Il problema per Meloni, però, è che  uno degli estensori del Manifesto, Altiero Spinelli, è considerato dalle istituzioni europee come uno degli artefici dell'attuale Unione Europea, tanto che a Bruxelles gli hanno pure dedicato un palazzo che fa da supporto all'attività del Parlamento. Se questo non bastasse, anche la maltese Metsola, che appartiene alla stessa famiglia europea della (post) camerata Giorgia Meloni, ha voluto sottolineare che l'Europa in quel Manifesto si riconosce, eccome!

Dopo questa premessa, adesso possiamo rispondere alla premier Meloni usando la sua stessa logica per chiederle perché lei e i suoi camerati debbano, ad esempio, sentirsi in dovere di promuovere vie e piazze ad un fascista, repubblichino e missino come Giorgio Almirante, che in vita dopo aver spiegato e promosso l'inferiorità della "razza ebraica" insieme alle relative leggi razziali si è speso per ricercare e fucilare chiunque non aderisse alla Repubblica di Salò?

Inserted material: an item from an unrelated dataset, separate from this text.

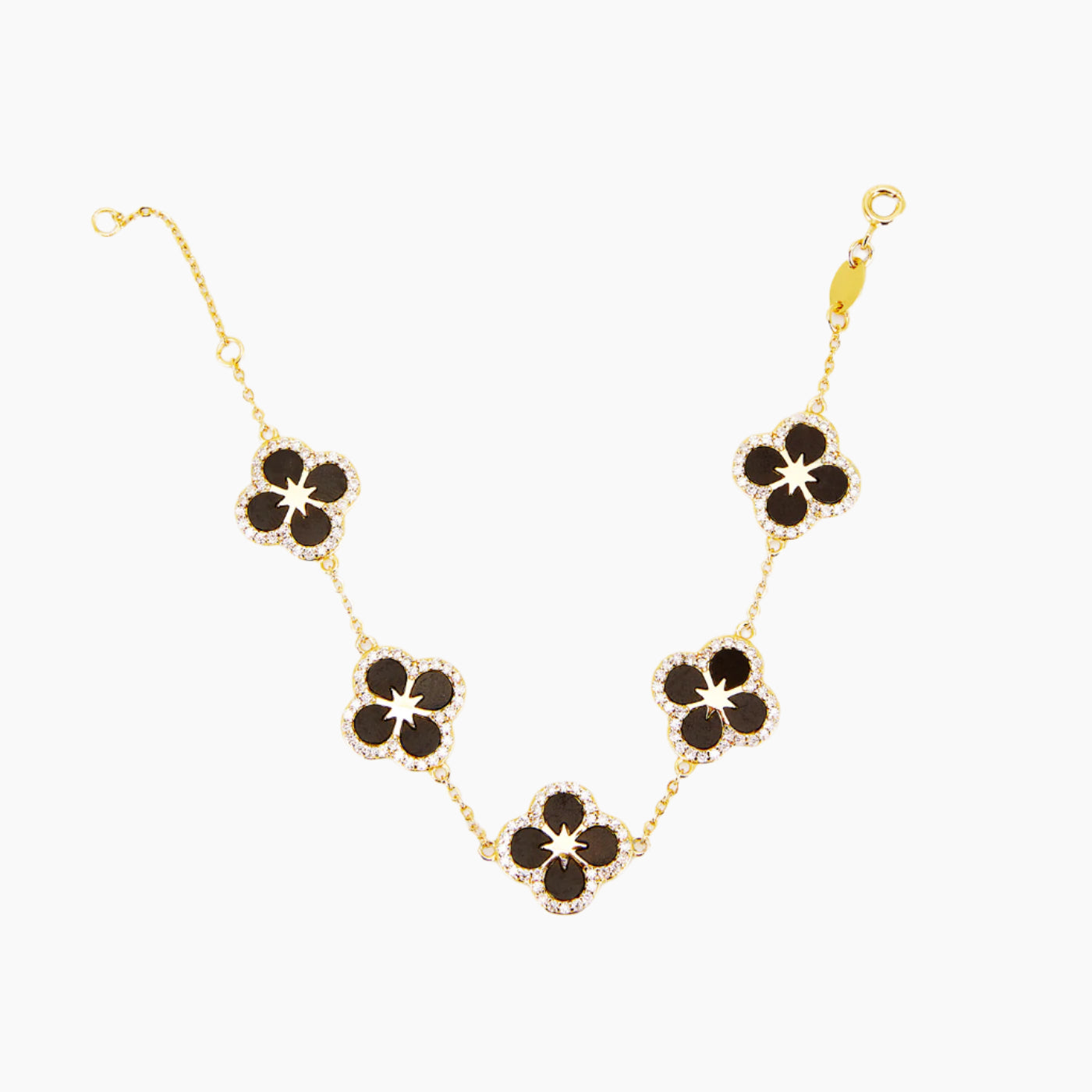 Iced Black Ventura Clover Bracelet | Bracelets by DORADO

Al riguardo ecco un breve florilegio delle citazioni meloniane pro Almirante:

Giugno 2018: Meloni ha sostenuto l'intitolazione di una via a Roma a Giorgio Almirante, definendolo "patriota" e ribadendo l'importanza di riconoscere la sua figura nella toponomastica della capitale. ​(Agenzia Dire)
Settembre 2019: Durante la chiusura dell'evento Atreju, Meloni ha citato Almirante affermando: "Per noi la parola data è sacra, ciò che diciamo facciamo. Ce lo ha insegnato Almirante: la massima aspirazione di un politico è poter guardare la gente negli occhi." ​ (Libero)

22 maggio 2020: In occasione del 32º anniversario della morte di Almirante, Meloni ha scritto su Twitter: "Ci lasciava 32 anni fa Giorgio Almirante. Politico e patriota d'altri tempi stimato da amici e avversari. Amore per l'Italia, onestà, coerenza e coraggio sono valori che ha trasmesso alla destra italiana e che portiamo avanti ogni giorno. Un grande uomo che non dimenticheremo mai" (Twitter, adesso X)

Pertanto, uno che non è fascista e non ha intenzione di diventarlo, cosa dovrebbe dire, in relazione a ciò, a Meloni e ai suoi sgangheratissimi sostenitori che intendono "almirantizzare" ogni località della nazione se non...

"Non so se questa è la vostra Italia, ma certamente non è la mia".